- Promotional poster featuring various NJPW and Stardom wrestlers.
- Promotion(s): New Japan Pro-Wrestling World Wonder Ring Stardom
- Date: November 20, 2022
- City: Tokyo, Japan
- Venue: Ariake Arena
- Attendance: 7,102

Historic X-Over chronology
| ← Previous First | Next → Historic X-Over 2 |

New Japan Pro-Wrestling event chronology
| ← Previous Battle Autumn '22 | Next → World Tag League & Super Jr.

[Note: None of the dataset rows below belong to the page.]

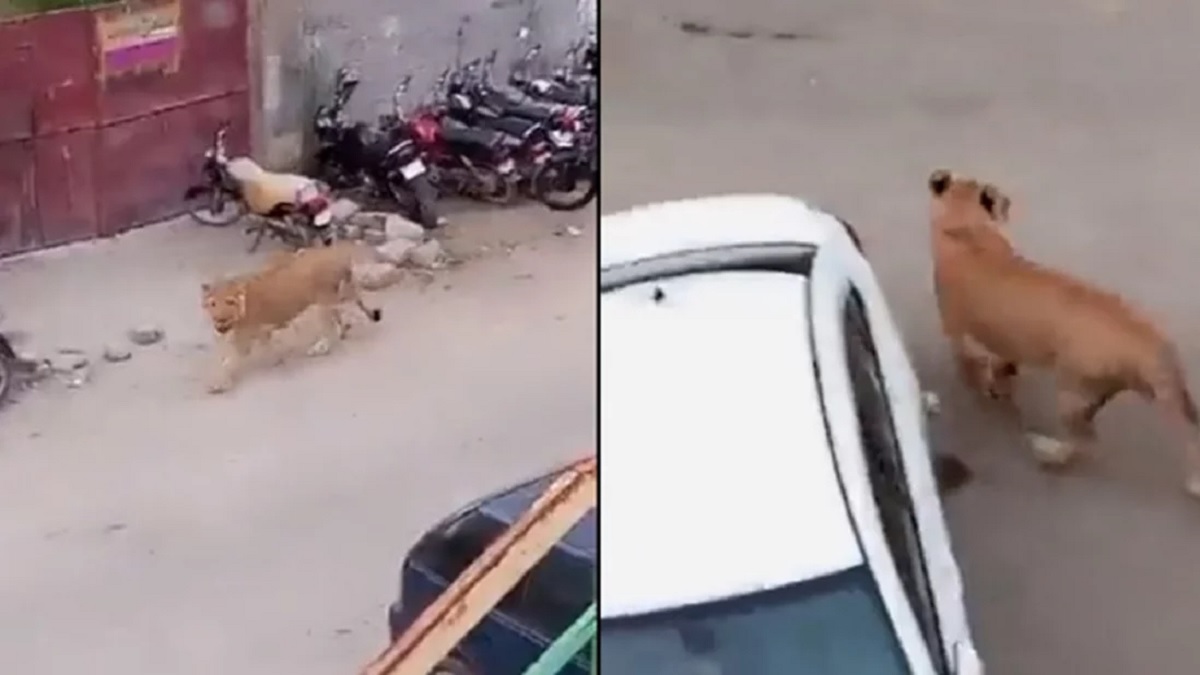 করাচির লোকালয়ে ঘুরে বেড়াচ্ছে সিংহ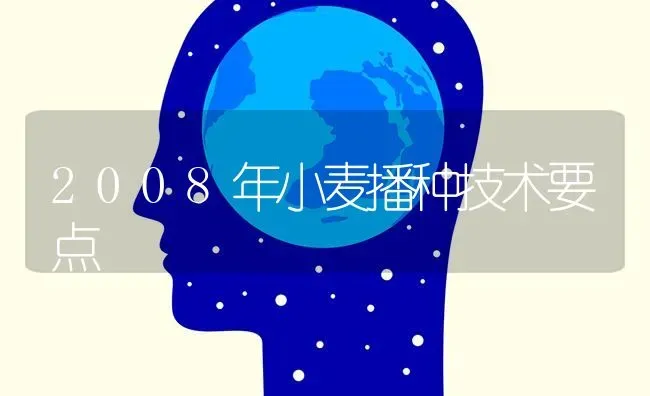 2008年小麦播种技术要点 | 粮油作物种植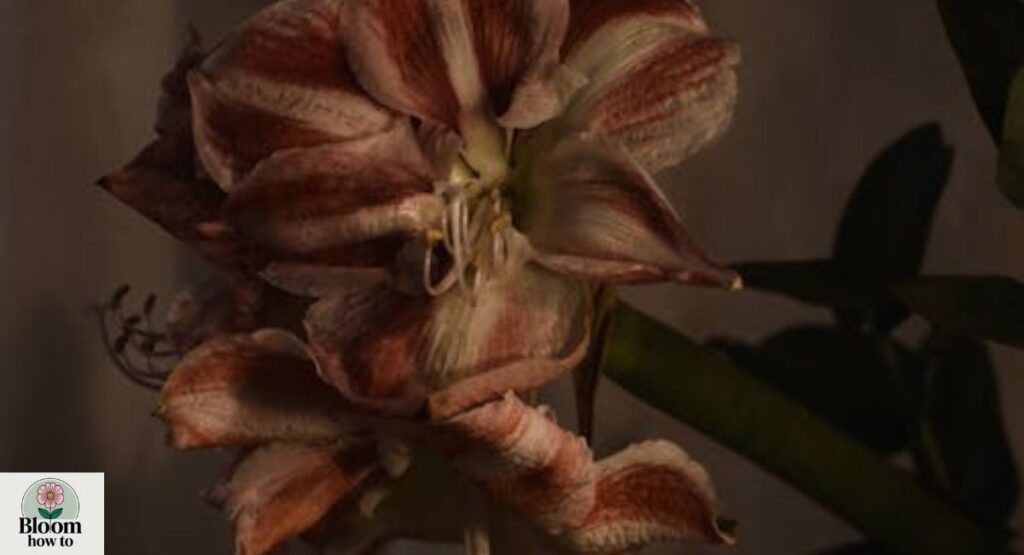 After Amaryllis Blooms Fade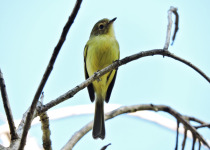Roraiman Tyrannulet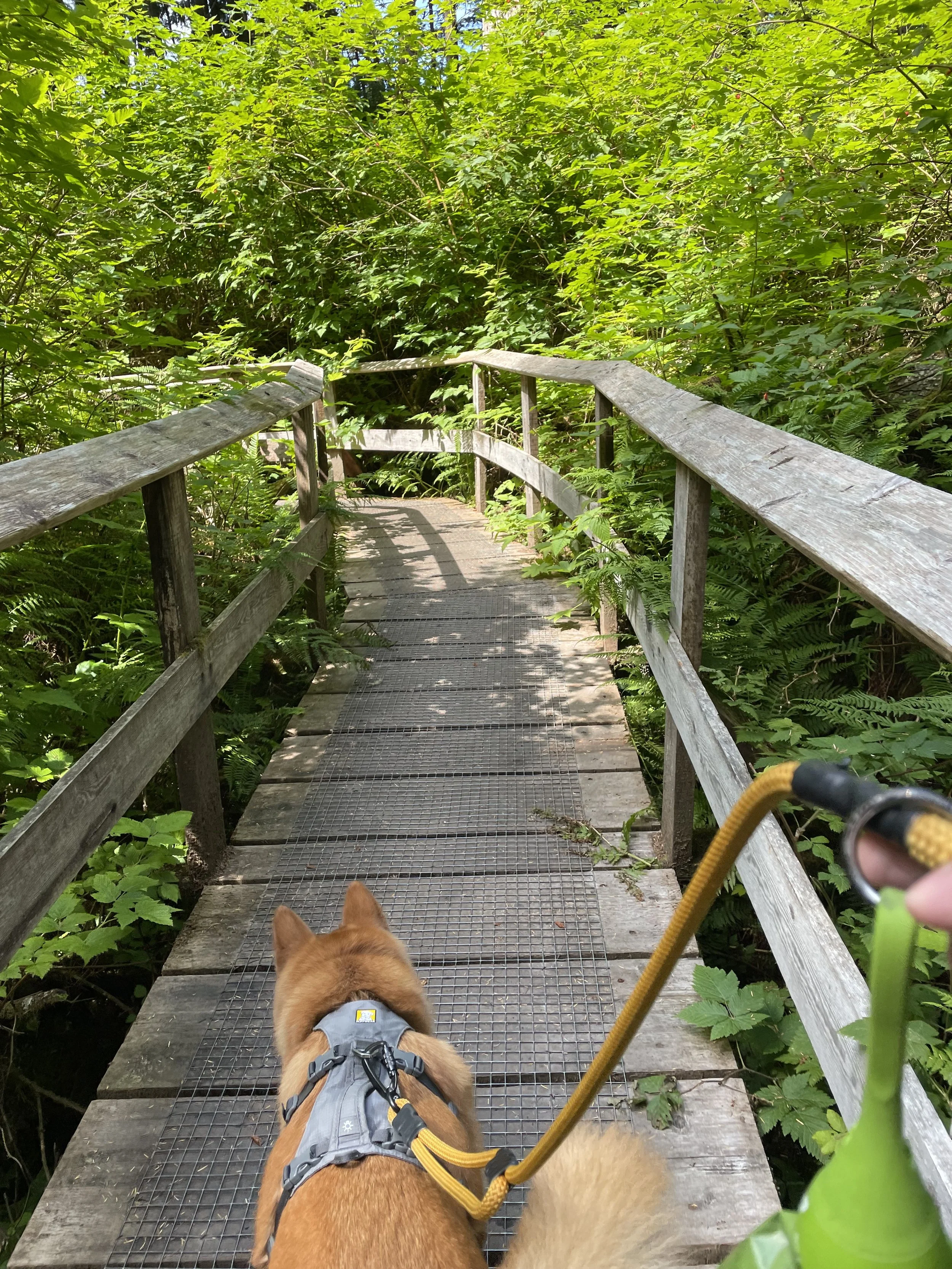 Markus cutting through the wooden walkways on the trail towards Sandcut Beach
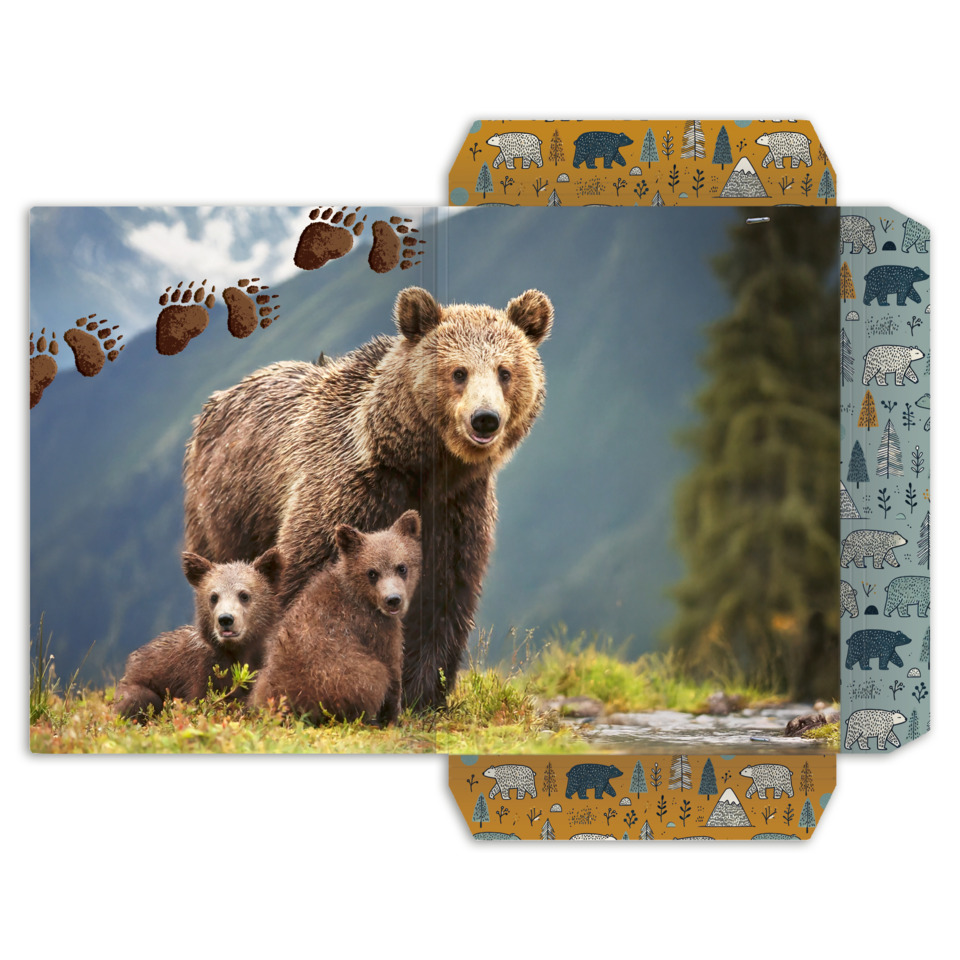 Bär, Elterliches Muttertier, Bärenmutter, Bärenjunge, Natur, Wald, Tierfamilie, Fell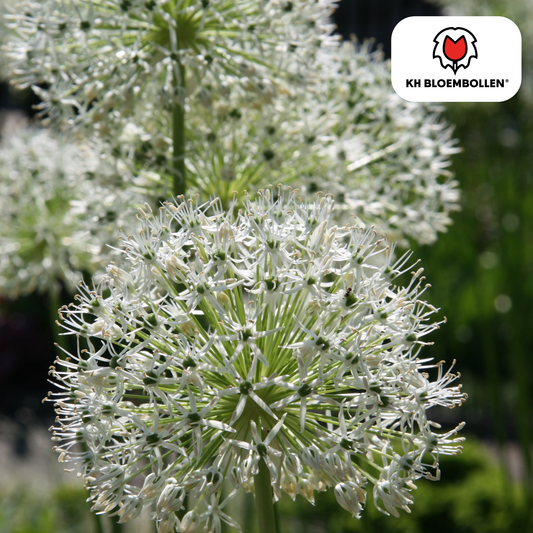 Allium 'White Giant' – Zierlauch – große, reinweiße Blütenkugeln – imposante Sommerblüher – 5 Blumenzwiebeln – ↕120cm – ideal für Beet & Rabatte 
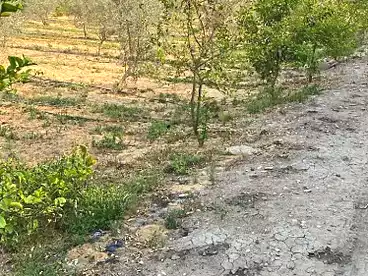 Land For sale in Al Asher Men Ramadan St., Ismailia City, 18900 sqm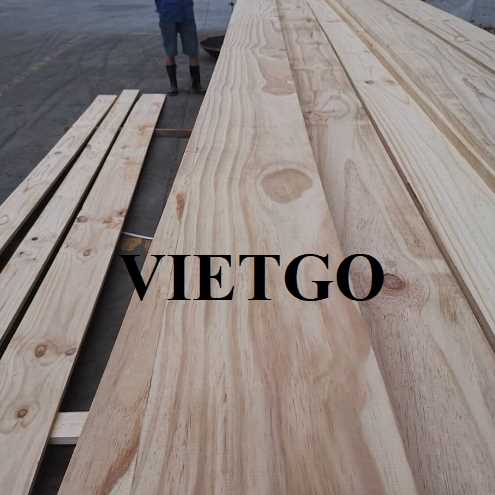 Thương vụ xuất khẩu gỗ thông xẻ sang thị trường Ấn Độ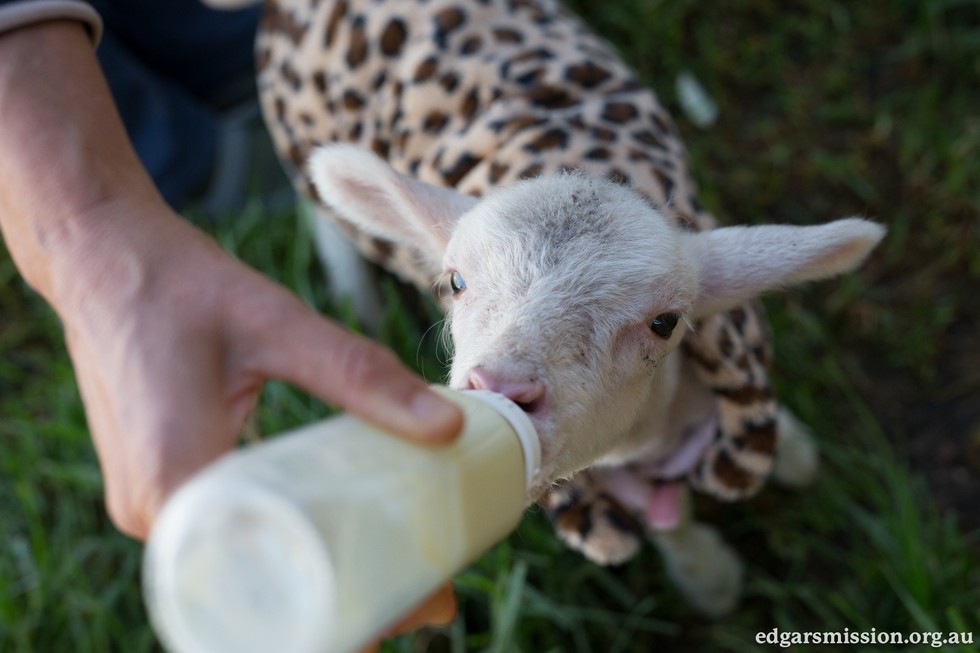 Napi cuki: leopárdmintás dzsekit kapott a megmentett bárány 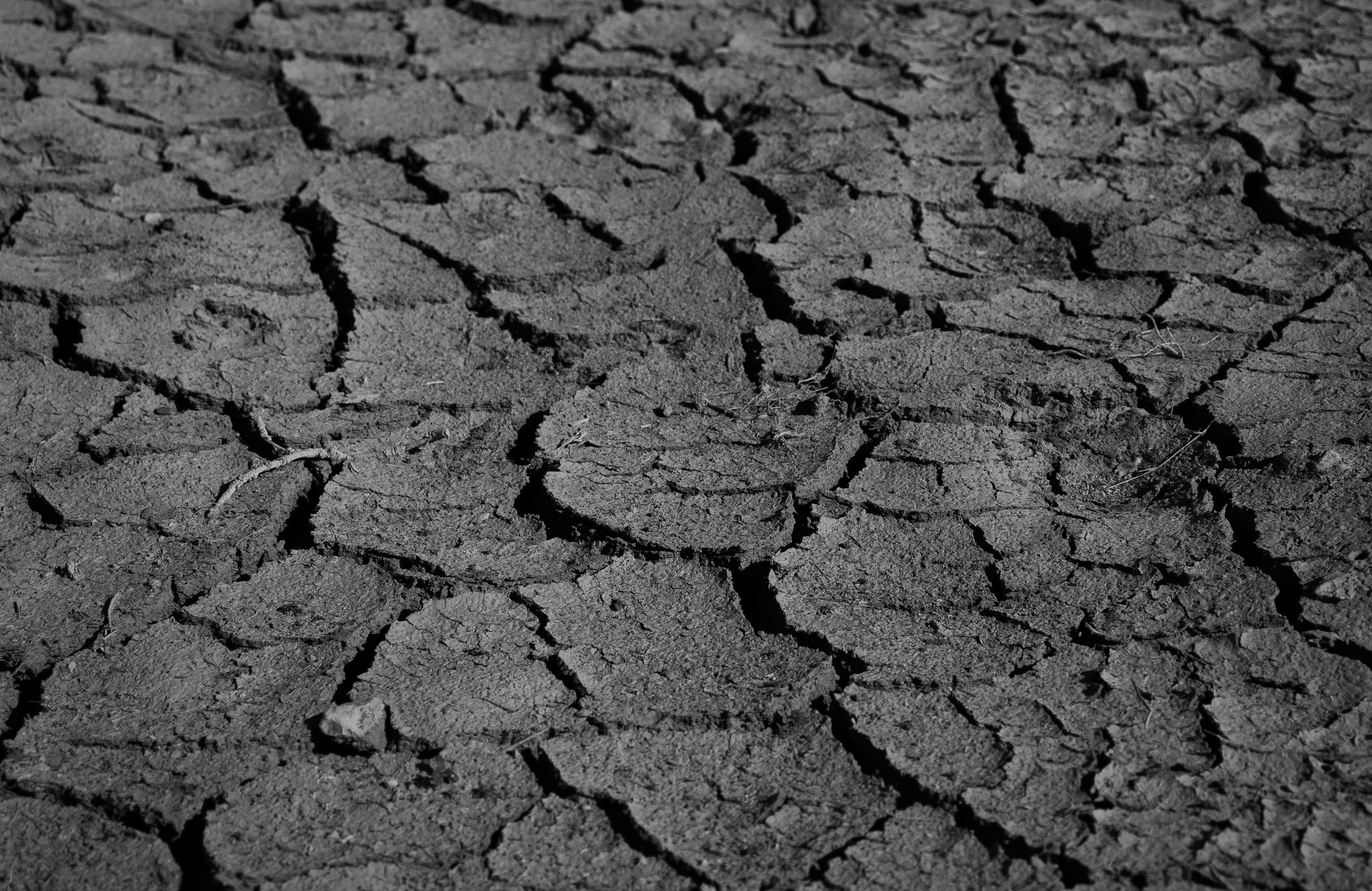 Ground Near Attebury Grain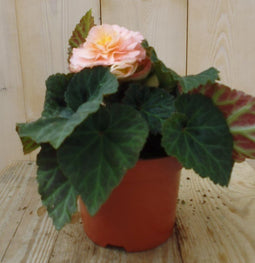 Warentuin Natuurlijk - 3 stuks! Knolbegonia roze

Tag League Wrestle Kingdom 17 |

World Wonder Ring Stardom event chronology
| ← Previous Gold Rush 2022 | Next → Stardom in Showcase vol.3 |

= Historic X-Over =

2022 New Japan Pro-Wrestling and World Wonder Ring Stardom professional wrestling event

Historic X-Over (pronounced: Historic Crossover) was a professional wrestling event co-promoted by New Japan Pro-Wrestling (NJPW) and World Wonder Ring Stardom (Stardom). It took place on November 20, 2022, at the Ariake Arena in Tokyo, Japan.

==Production==

===Background===
On January 31, 2012, card game company Bushiroad fully acquired New Japan Pro-Wrestling (NJPW) from video game developer Yuke's. On October 17, 2019, Bushiroad announced in a press conference that they had also acquired World Wonder Ring Stardom (Stardom) from the company's President Rossy Ogawa, making Stardom the sister promotion of NJPW. Since Wrestle Kingdom 14, NJPW has featured Stardom matches at various NJPW events.

On June 6, 2022, during Bushiroad's 15th anniversary press conference, it was announced that NJPW and Stardom will hold its first shared event on November 20. NJPW President Takami Ohbari, revealed that the event would include at least two mixed tag team matches and that Stardom wrestlers would be featured on NJPW Strong events in the United States.

On July 29, NJPW and Stardom announced the creation of the IWGP Women's Championship, which would be defended at NJPW events in Japan and United States by Stardom wrestlers. The inaugural champion will be crowned at Historic X-Over.

===Storylines===
Historic X-Over featured eleven professional wrestling matches that result from scripted storylines, where wrestlers portray villains, heroes, or less distinguishable characters in the scripted events that build tension and culminate in a wrestling match or series of matches.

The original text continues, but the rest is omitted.